Existing similar systems include the Global Biodiversity Information Facility, the Non-indigenous Species Database Network, and Discover Life. These systems use different approaches including caching, cross-database searches, web services, and web scraping. The key question this study answered is what the best approach for creating this system.
A series of user surveys and interviews determined the required features for the system. Different possible approaches were tested for reliability and performance. The best approach was then selected based on how well each approach matched user needs.
Results/Conclusions Surveys of providers showed a wide variance in available information technology (IT) resources. The top user needs included being able to search across multiple databases and map occurrence data from different providers. Performance showed that approaches without a “cache” had linearly increasing search times. With over 200 potential databases this resulted in a cross-database search of over two minutes.

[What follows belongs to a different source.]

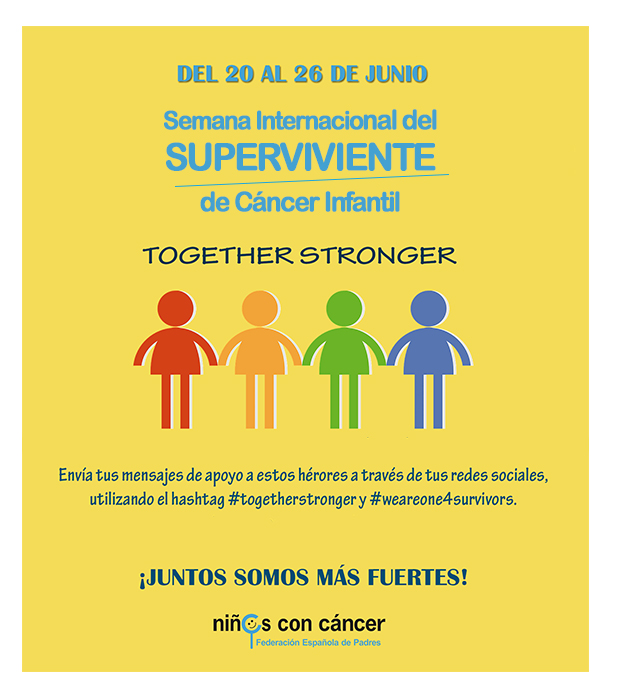 Caminantes participa en la semana Internacional del Superviviente de Cáncer infantil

A search time of over two minutes is unacceptable for searching and mapping. Based on this and other results GISIN will include a cache of data from providers. To meet the range of IT resources the system allows providers to contribute data to the cache by: (1) installing a web service on an existing databases, (2) harvesting from a text file on a servers, and (3) uploading a file directly into the cache. The cache will include a high-performance database for executing user queries and creating maps. Individuals and organizations can access data in the system through an easy to use web site or a set of high-performance web services. This will allow a broad range of organizations to develop additional features and perform research such as modeling and risk assessment for the invasive species management community.